- [BRIEF] Having located "a red sky with a plane flying in the distance", write out its line and the remaining lines of the material exactly, the last one included, but not the pictures.

- [PROVIDED DATA]

··········

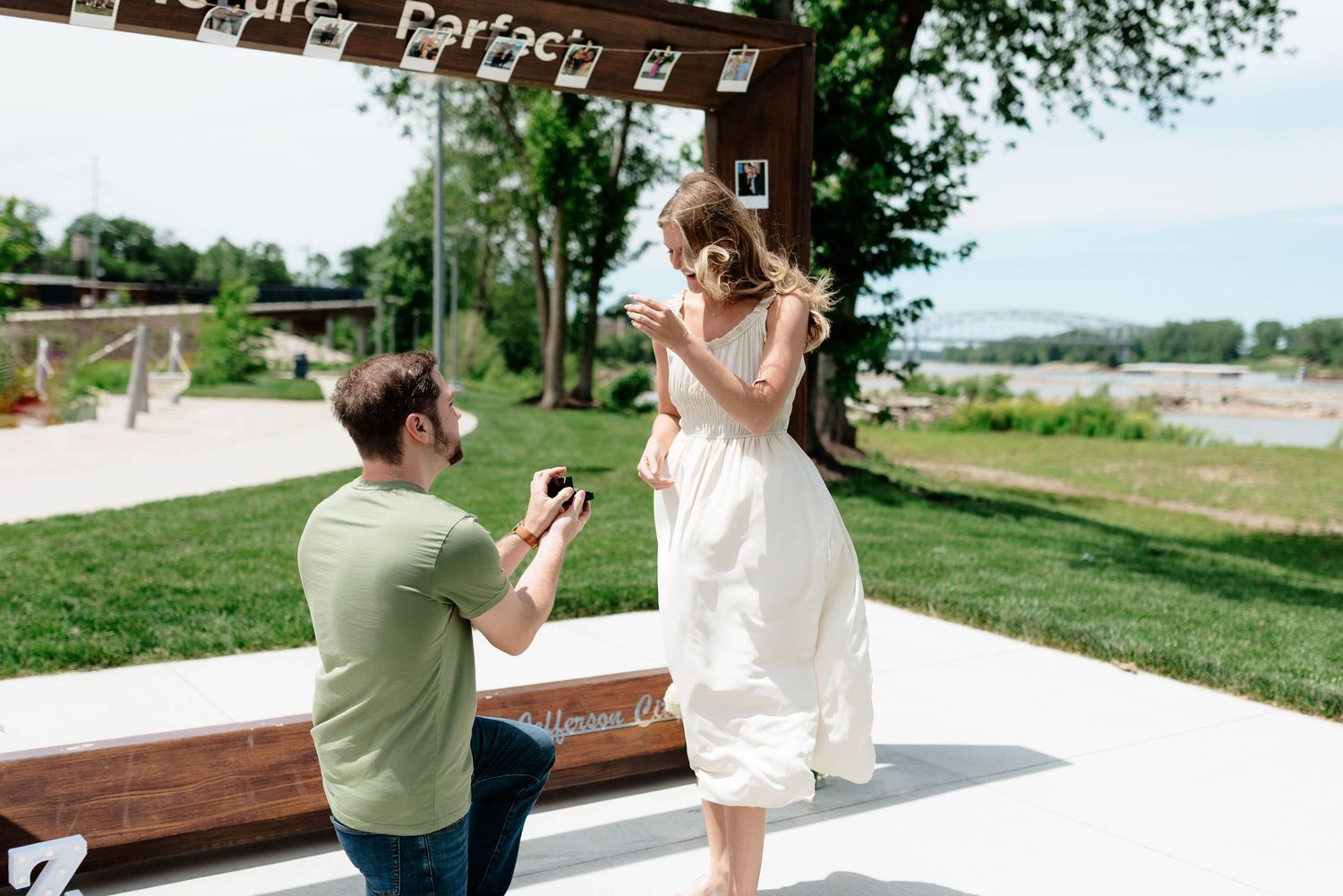 A couple shares a romantic moment during a proposal photoshoot in an outdoor setting.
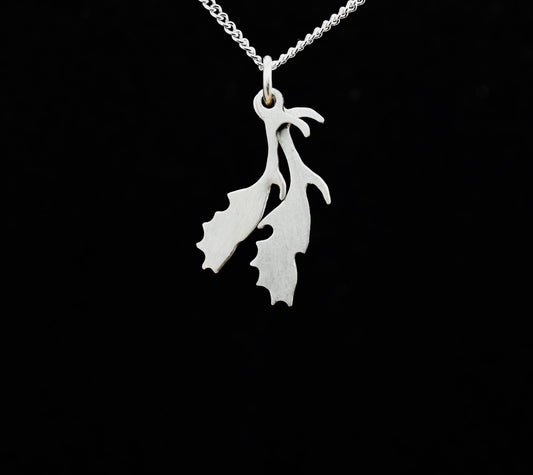 A sterling silver pendant in the shape of deer antlers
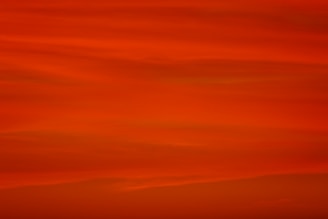a red sky with a plane flying in the distance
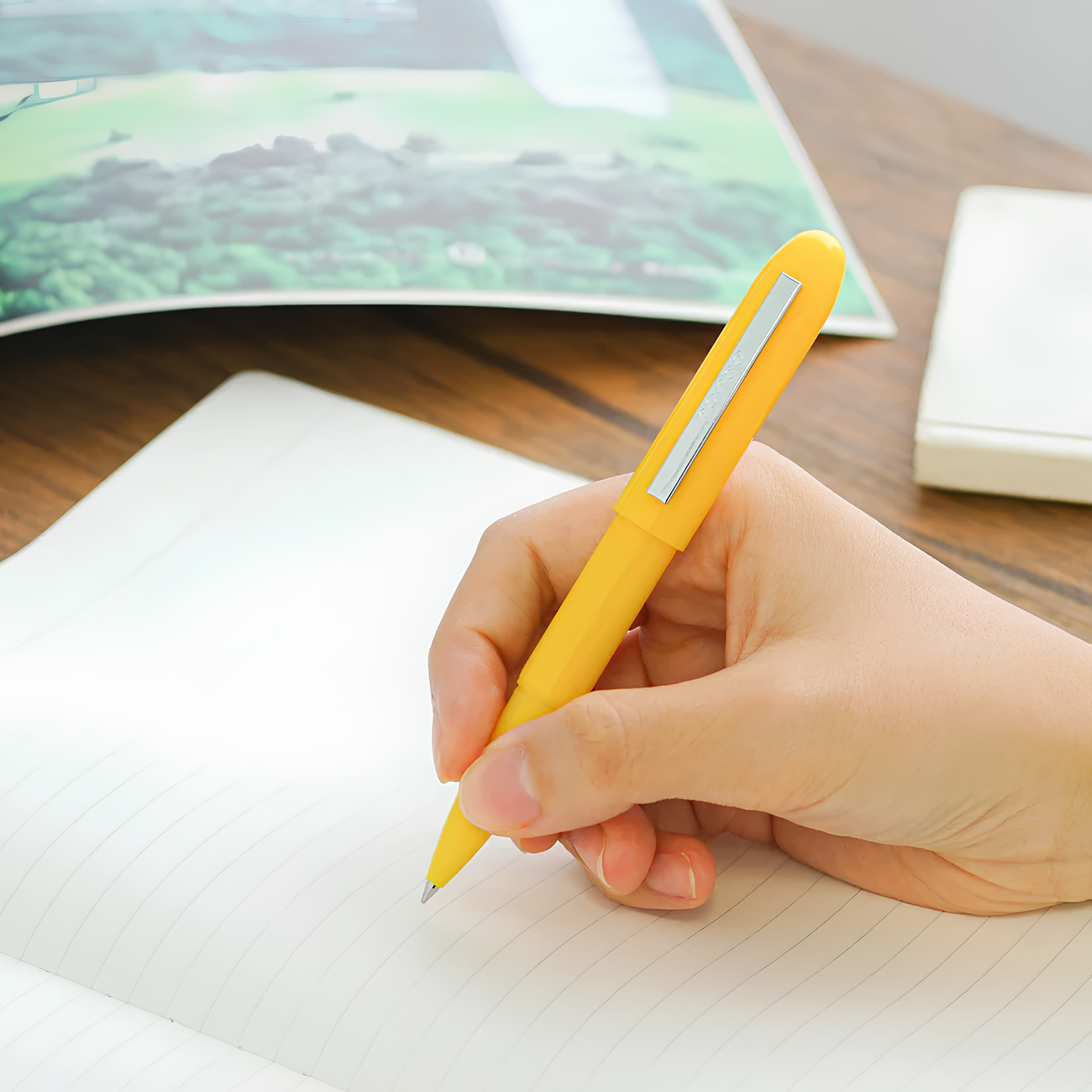 Shown held by a hand in writing, the Penco Bullet Ballpoint Pen Yellow Pen light, 93mm long with black ink, easy to slip in your pocket or purse.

··········

- [TASK SOLUTION]
a red sky with a plane flying in the distance
 Shown held by a hand in writing, the Penco Bullet Ballpoint Pen Yellow Pen light, 93mm long with black ink, easy to slip in your pocket or purse.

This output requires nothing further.